In battle, it is not syllogisms that will keep the reluctant nerves and muscles to their post in the third hour of the bombardment. The crudest sentimentalism … about a flag or a country or a regiment will be of more use. We were told it all long ago by Plato. As the king governs by his executive, so Reason in man must rule the mere appetites by means of the ‘spirited element.”

The head rules the belly through the chest – the seat, as Alanus tells us, of Magnanimity, of emotions organized by trained habit into stable sentiments. The Chest-Magnanimity-Sentiment – these are the indispensable liaison officers between the cerebral man and visceral man. It may even be said that it is by this middle element that man is man: for by his intellect he is mere spirit and by his appetite mere animal.
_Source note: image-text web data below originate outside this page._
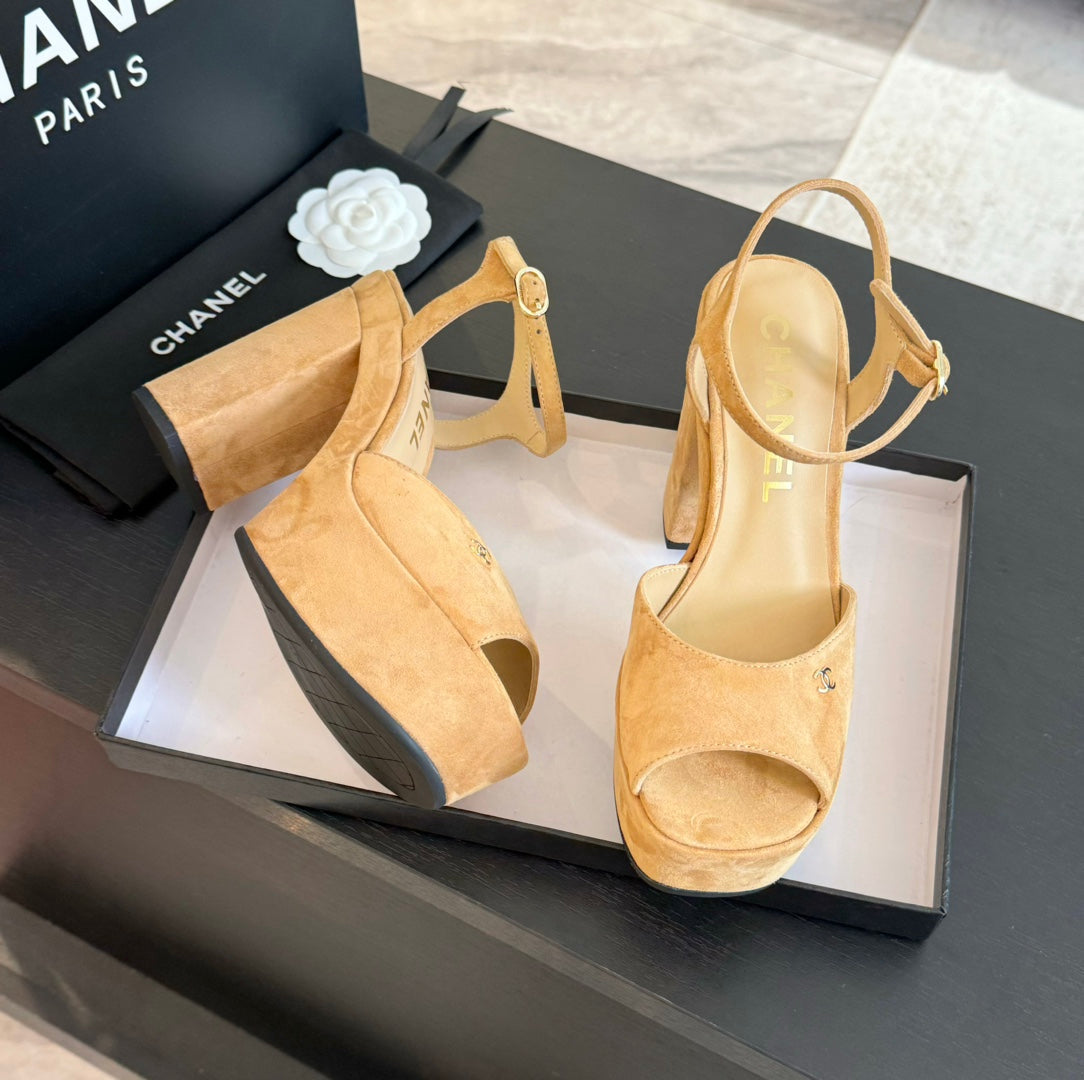HIGH HEEL PLATFORM SANDALS IN SAND YELLOW SUEDE - 35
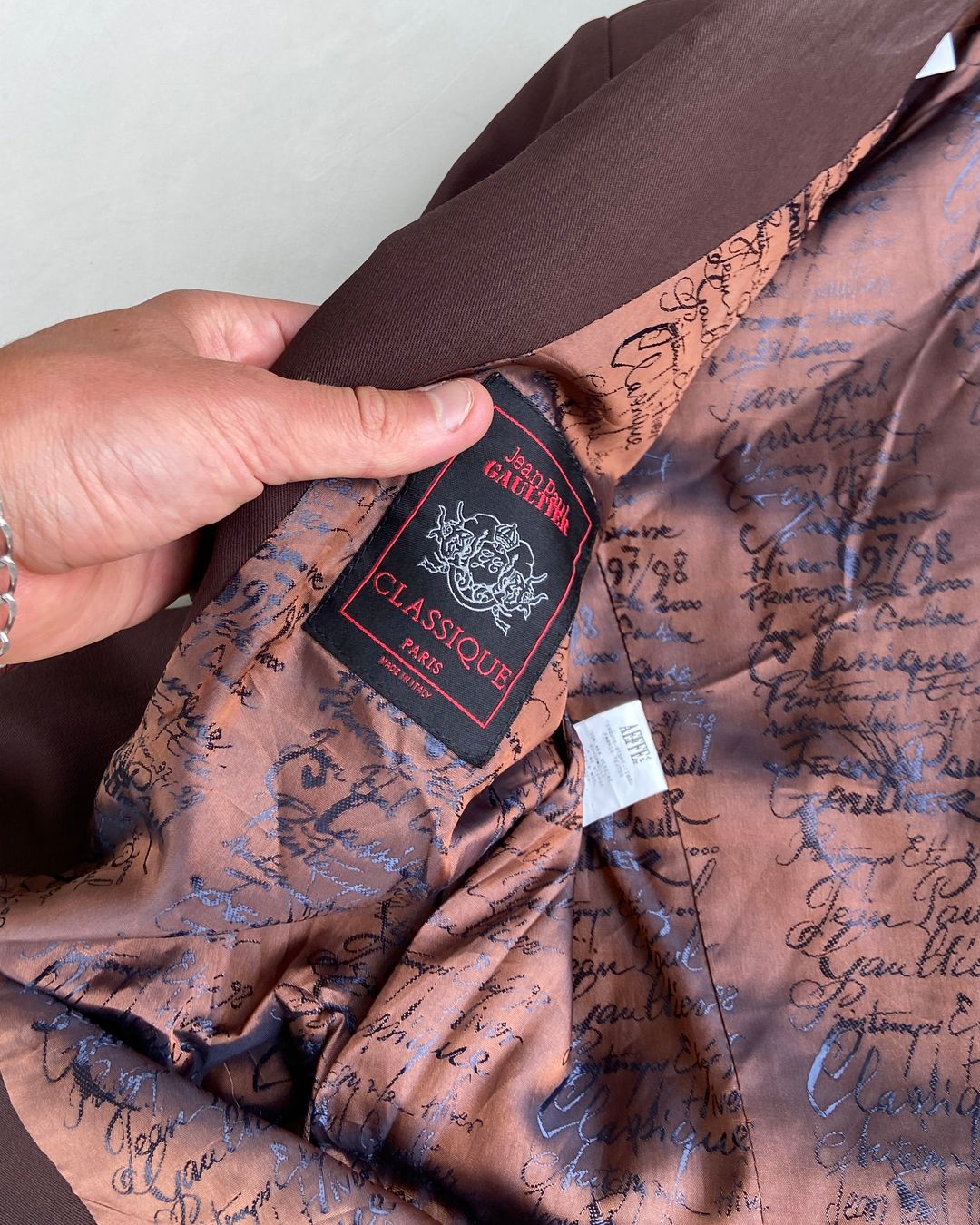 Thumbnail 49a2a9bf-6364-48c7-848e-3a3729a34d61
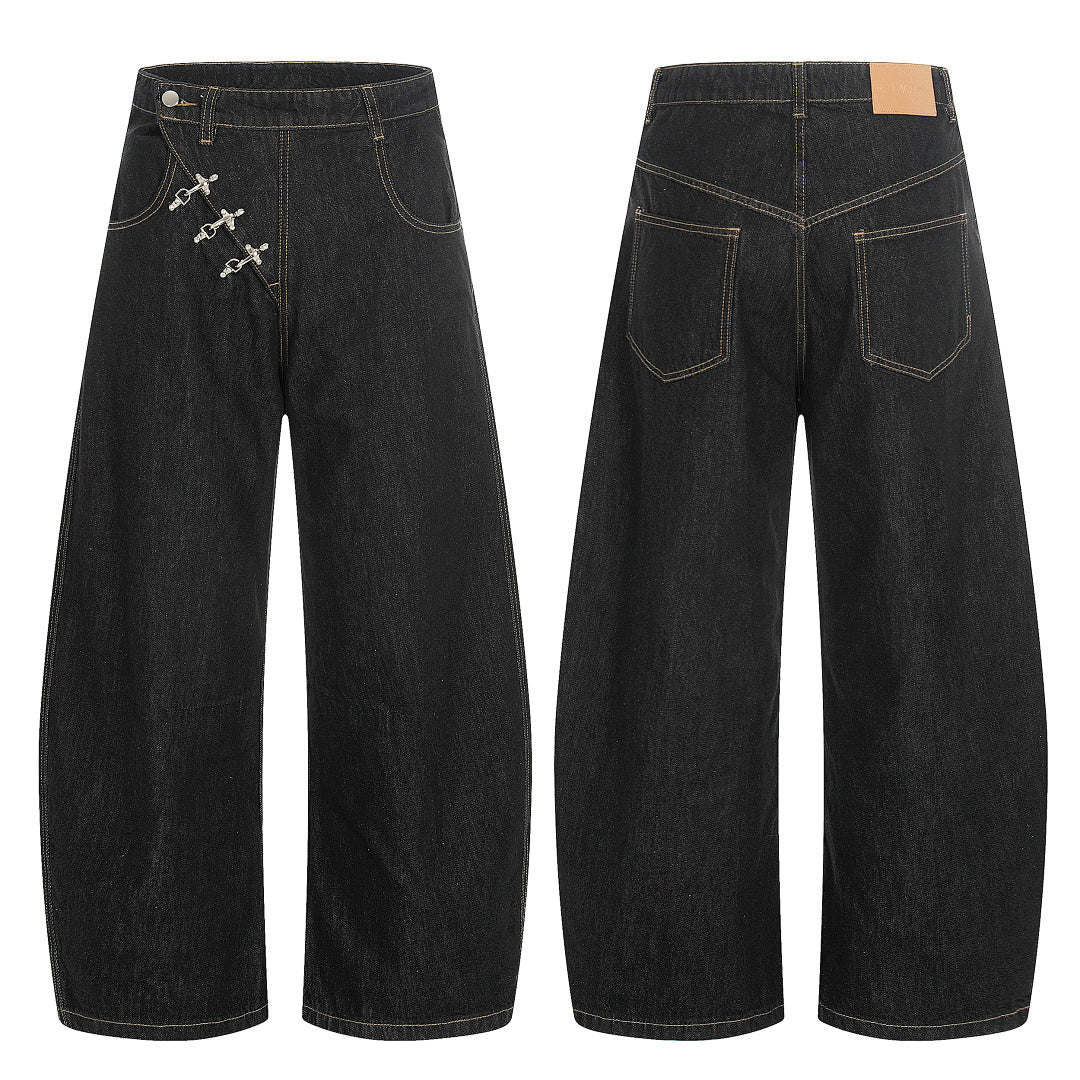 Baggy jeans styled for an edgy everyday outfit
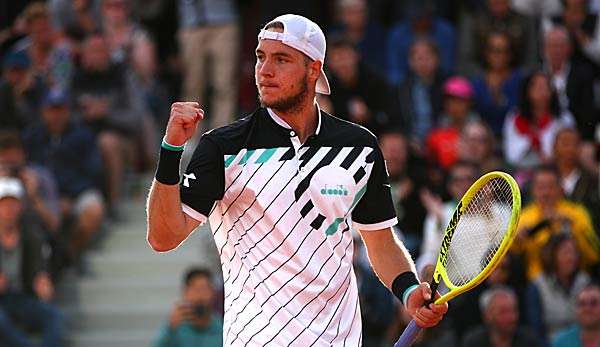 Jan-Lennard Struff schlägt Denis Shapovalov auch in der ersten Runde des ATP-Turniers in Stuttgart.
Braswell’s definition of wholesight then is at least one-third short. He proposes that the process of decision-making should be an internal narrative between the heart and the head. He includes in “heart” both the sentiments of the heart and the appetites of the belly. This leaves the appetites of the belly an advantage. First, they are hidden. They are not openly examined during the decision-making process. Next, they are not governed by an adequate force. The head may oppose the appetites, but the appetites are persistent and they have the ally of the body. The head will often yield to the appetites and ultimately justify or otherwise defend them. The morbidly obese person trying to lose weight, for example, will often reason that one more cheeseburger is reasonable.

Wholesight is including the
heart, head, and belly
in one’s decision-making process.

For the definition of wholesight to be whole, it must be that one includes the heart, the head, and the belly in one’s decision-making.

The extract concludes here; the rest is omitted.